The second way that segregation protects the HIV-positive inmates is by creating a barrier from the general population inmates. Some inmates could be violent to inmates that are HIV-positive, just because they are seen as negative. This negative behavior usually comes from the misconception that all HIV-positive people are homosexual or inferior. This barrier made by segregation would prevent this violence from happening.
Another way that segregation is ethical is because it ensures that the appropriate medical care is given. If an inmate is identified early enough, the onset of AIDS could be slowed down. As Robinette described, “the treatment of HIV prior to the onset of AIDS costs $2000 to $3000 less for prison inmates than for members of the general public” (p196). This results in both the taxpayer saving money and the HIV-positive inmates in receiving the appropriate preventative care and medical treatment.
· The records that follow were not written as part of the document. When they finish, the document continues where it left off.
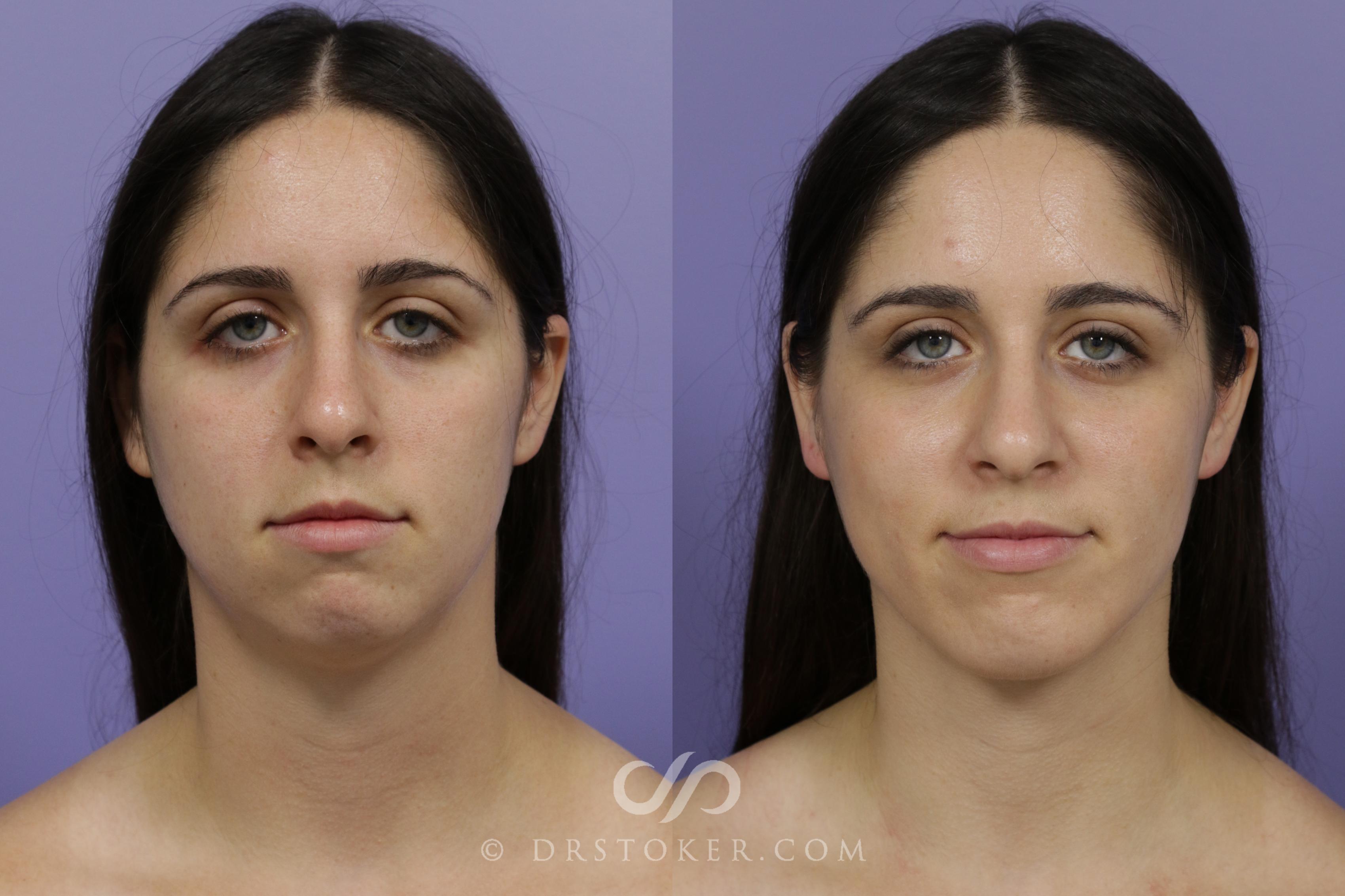 Before & After Cheek/Chin Contouring Case 1415 View #1 View in Los Angeles, CA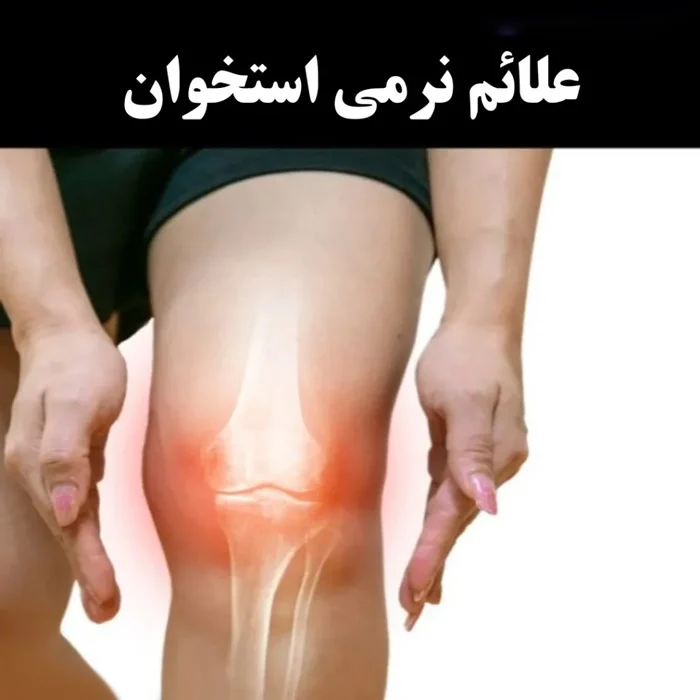 نرمی استخوان در بزرگسالان چیست و چگونه درمان می شود؟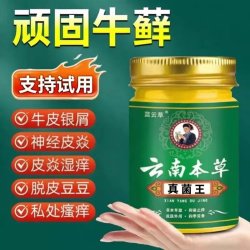云南本草牛藓银皮藓手足皮肤痒止痒膏体藓股藓顽固皮焱湿珍止痒膏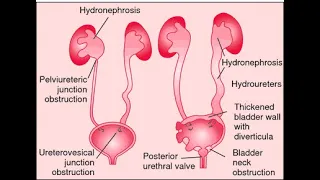 Hydroureter hydropelvis hydronephrosis pyonephrosis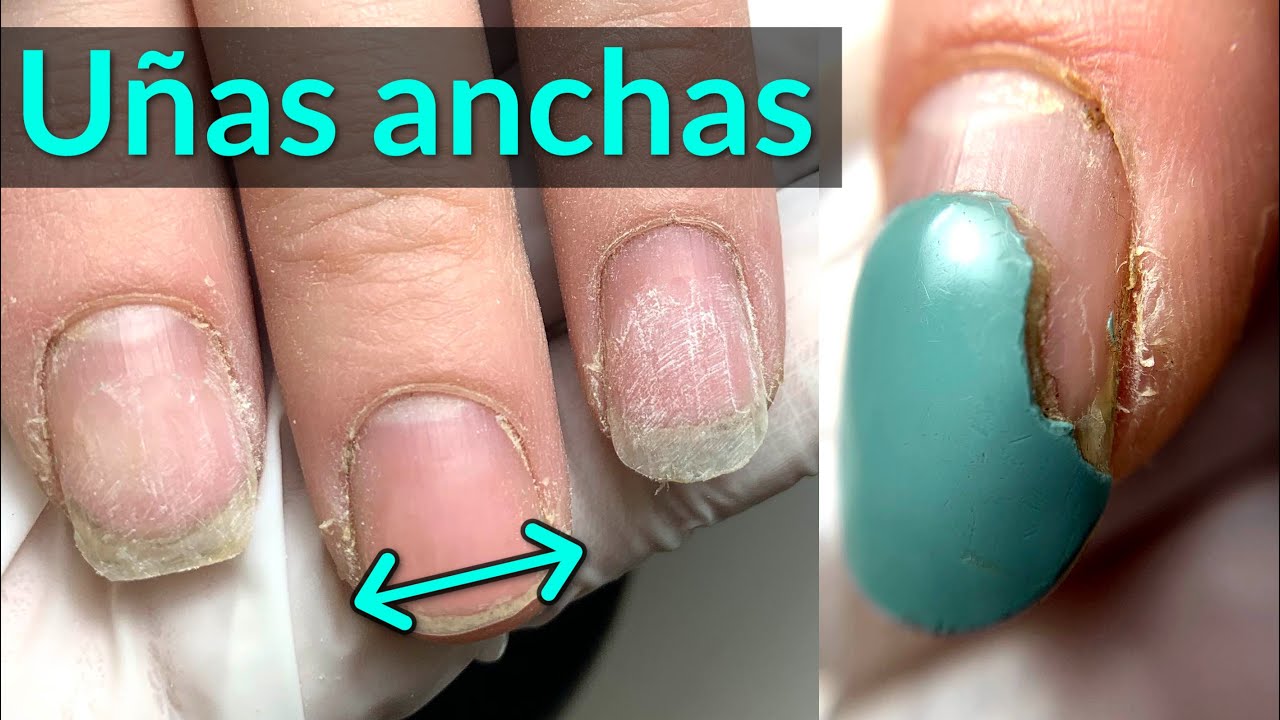 Transformación de Uñas ANCHAS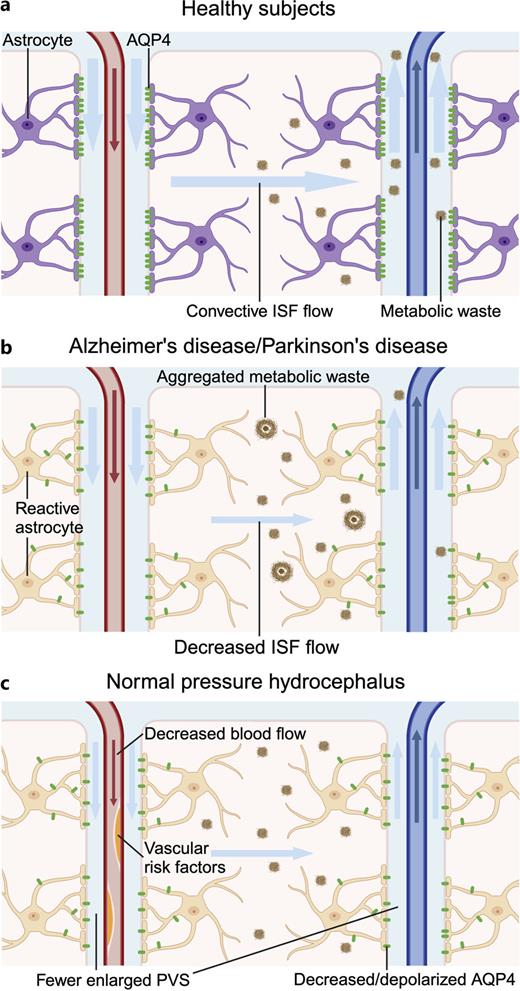 a Glymphatic dysfunction underlying accumulation of pathogenic protein and development of hydrocephalus. Normal glymphatic system in healthy subjects. b Glymphatic dysfunction leads to the accumulation of pathogenic proteins such as β-amyloid, tau, and α-synuclein. c Altered expression and the loss of polarization of AQP4 may lead to glymphatic dysfunction and CSF accumulation in the ventricles. These mechanisms underlie the pathogenesis of iNPH and possibly NPH secondary to some neurodegenerative diseases. The decreased cerebral blood flow [42], fewer enlarged PVS in the centrum semiovale [43], and vascular risk factors [44] were observed in patients with iNPH. CSF, cerebrospinal fluid; ISF, interstitial fluid; AQP4, aquaporin-4; NPH, normal pressure hydrocephalus; PVS, perivascular space. Created with BioRender.com.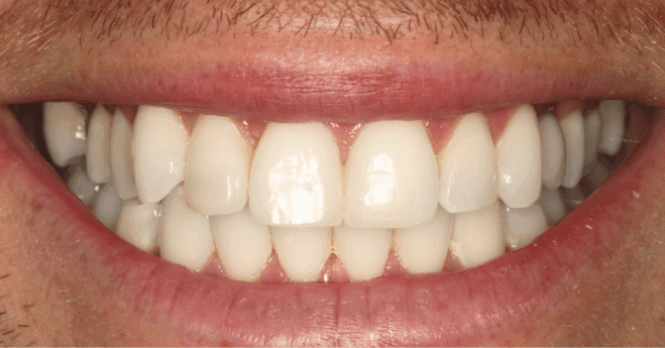 After - Eastbury Dental Practice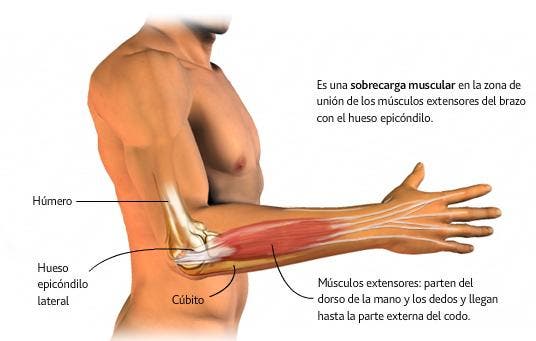 epicondilitis o codo de tenista 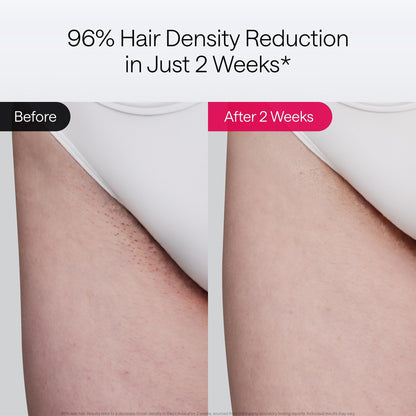 IPL Hair Removal Device with Ice-Cooling & Skin Sensor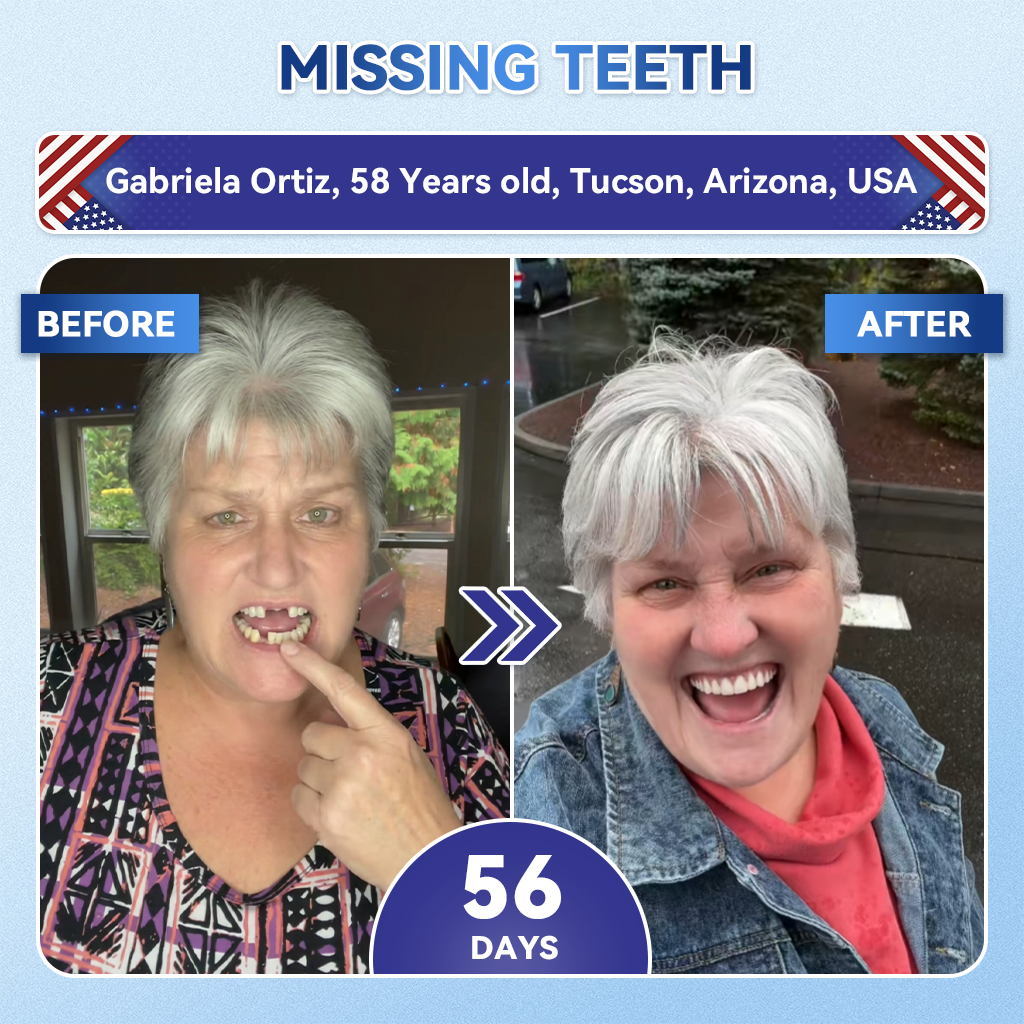 HZA®health 🦷 Tideglusib Fast‑Dissolving Tooth & Gum Repair Oral Strips ✨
A second medical perspective would be that it would enable the staff to provide counseling and education both to the HIV-positive and HIV-negative inmates. The HIV-positive inmates could have group discussions and support networks with other HIV-positive inmates, which would help them mentally deal with having the deadly disease. This would help both populations also learn how it is contracted, how to prevent it, and what they need to do if they contract it. This could eventually lead to a lower high risk behavior done by the inmates.
The third and final reason that segregation is ethical is due to the legal responsibilities of the correctional system. Robinette described that more and more legal cases are being brought against correctional facilities for not segregating or testing inmates for HIV, or if they did know, failure to warn. This comes from the legal requirements that a correctional facility protect both the inmates and the staff. Another legal requirement is that sufficient medical care be provided. By testing and segregating, it helps both of these legal requirements be fulfilled. As for the segregation being cruel and inhumane punishment, it is not, because the separation, because the separation is for health purposes and the segregation benefits the inmates. It is not done to suppress, diminish, or hurt them.
As shown, the segregation of HIV-positive inmates is ethical and needed. This would help protect all parties, provide the appropriate medical care, and fulfill the legal requirements of the system. By reading this article, hopefully, the story that started this article would not happen and more prisons would see that the segregation of HIV-positive inmates is needed.